In your past or current relationship who approached who and when younger did you ever feel shy around the opposite sex ?


----------



## Trade (Oct 30, 2018)

IKE said:


> Around men I'd raise hell and fight at the drop of a hat when younger but I always felt kinda shy and awkward around gals.....



That pretty much describes me too. 

And I haven't changed all that much. 

Still shy around women, but if John Decker shows up at our 55th class reunion next year I'm going to call him out and we're going to finish that fight that coach Dobbins broke up in the parking lot after school our Senior year. 

So Decker, if you're out there lurking on the net and reading this, get ready, I'm coming for you.  

<font size="4">


----------



## Aunt Bea (Oct 30, 2018)




----------



## RadishRose (Oct 30, 2018)

Yes I was usually shy near the boys. Not horribly so, but somewhat.


----------



## Ronni (Oct 30, 2018)

I'm tall for a woman, and was most always the tallest in my class at school...and back then I was taller than most of the boys, too.  It made me self conscious and shy around boys. It didn't help that I went to a private catholic all girls school so the social interactions I had with the opposite sex in my young teens consisted of the monthly social events that the local all boys catholic school and my school concocted, all supervised sternly by the nuns and the priests of course!   

I made up for it when I left school though!  Because of my height I started modeling, and suddenly the flaw became an asset, and for the first time in my life I became proud of my height and no longer self conscious and ashamed. I started dating then, but my sweet, Ozzie and Harriet style parents had modeled such a traditional relationship for me that I was still very shy and retiring around boys.  So they always made the first move. 

After my disastrous marriage I started ballroom dancing, and that re-built my confidence and self-esteem, and having a great deal more life experience I became more forthright if I was interested in a man, though I will say that in my current relationship,  Ron made the first move that got us together. Lucky me!!


----------



## hollydolly (Oct 30, 2018)

I;m not in the least bit shy around men... I'm not a flirt but I really have no problems sparking up a conversation with men.

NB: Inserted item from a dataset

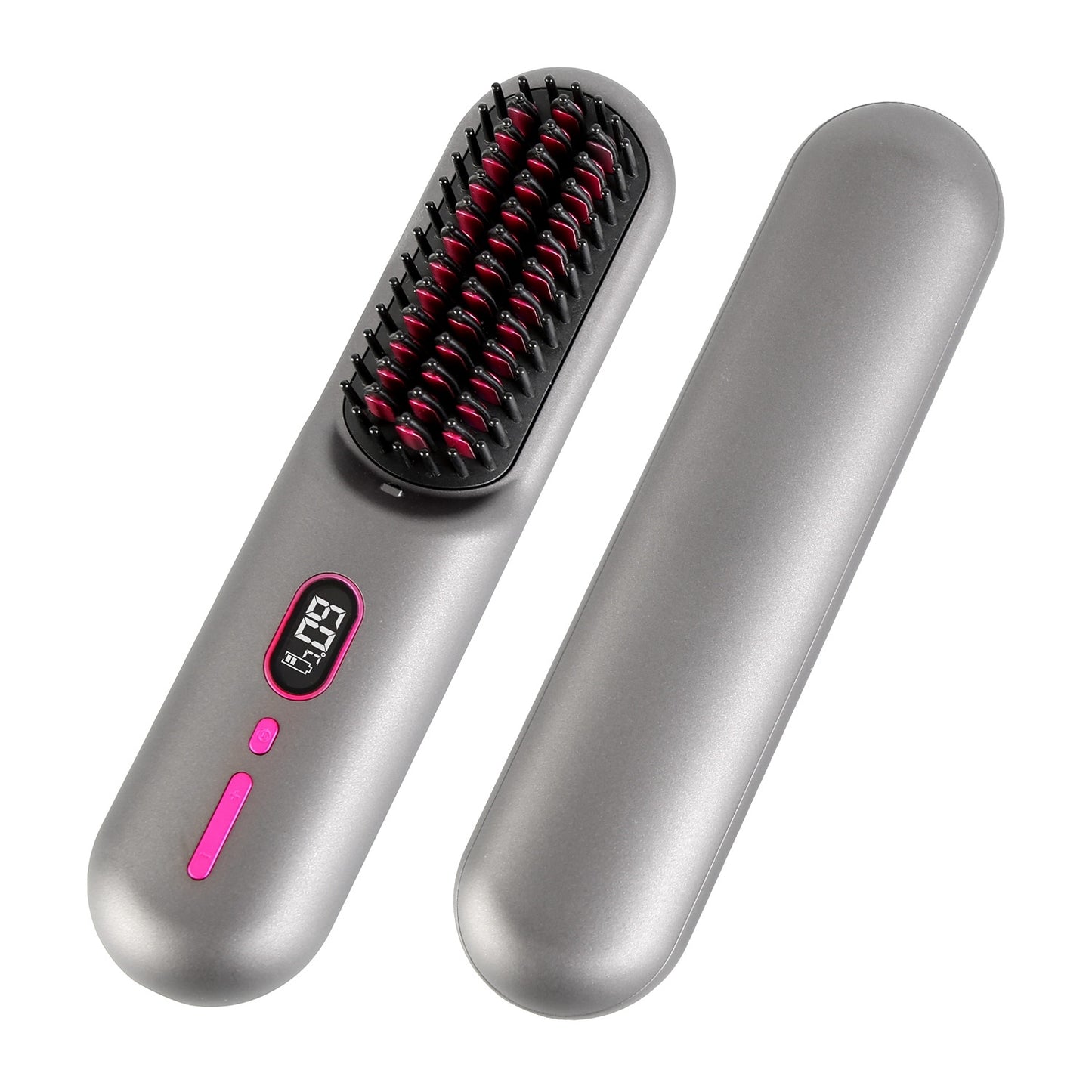 Grey-Black Options -- 1Pc Cordless Negative Ion Hair Straightener Brush Rechargeable Mini Styling Comb With 12 Heating Levels Anti-scald 30S Preheating 30Mins Auto Sleep LCD Display - DropOnline.co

My ideal man is a guy who is a gent around women and an alpha male around men!!

I can't remember who spoke to whom first with my husband and me..I suspect it was me because my husband is very quiet...however he is a ladies man, so it could have been either of us...


----------



## Trade (Oct 30, 2018)

I never made the first move except for one time in junior high and that was by accident. We were in a crowded hallway and I was standing next to a buddy of mine and I mentioned to him that we ought go to such and such a place, I can't remember what it was. Well there was this girl standing right next to me on the other side and she thought I was talking to her so she replied "You ought to take a long walk on a short pier". It's pretty funny to look back on now, but back then it was a bit embarrassing.


----------



## Gary O' (Oct 30, 2018)

Trade said:


> I never made the first move except for one time in junior high and that was by accident. We were in a crowded hallway and I was standing next to a buddy of mine and I mentioned to him that we ought go to such and such a place, I can't remember what it was. Well there was this girl standing right next to me on the other side and she thought I was talking to her so she replied "You ought to take a long walk on a short pier". It's pretty funny to look back on now, but back then it was a bit embarrassing.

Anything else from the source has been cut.